Jimmy was the first of how many children?
A: 4.

What were the names of Jimmy's siblings?
A: Gloria, Ruth, and Billy.

What high school did Jimmy Carter attend?
A: The Plains High School from 1930, first grade, to 1941.

Carter was a diligent student with a fondness for what?
A: For reading.

 

Carter long dreamed of attending what?
A: The U.S. Naval Academy in Annapolis.

Carter enrolled at what college in nearby Americus?
A: Georgia Southwestern College.

In 1943, after taking additional mathematics courses at Georgia Tech, he was finally admitted to the what?
A: Naval Academy.

With his short, slim stature, Carter barely met the what?
A: The minimum physical requirements for entry.
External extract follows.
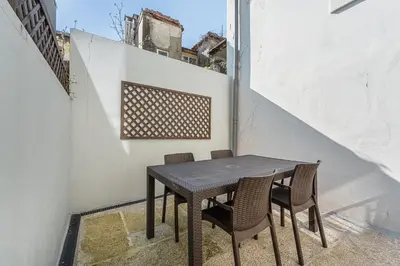 a black table and chairs on a balcony at GuestReady - Relaxing getaway in Santos Pousada in Porto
He was a good student but was seen as reserved and quiet, in contrast with what?
A: The academy's aggressive hazing culture.

While at the academy, who did Jimmy fall for?
A: Ruth's friend Rosalynn Smith.

When did Jimmy Carter graduate from the academy?
A: 1946.

 

Carter graduated 59th out of how many midshipmen?
A: 820.

Jimmy and Rosalynn got married shortly after what?
A: After Carter graduated.

From 1946 to 1953, where did Carter and Rosalynn live?
A: Temporarily in Virginia, Hawaii, Connecticut, and California, as he served deployments in the Atlantic and Pacific fleets.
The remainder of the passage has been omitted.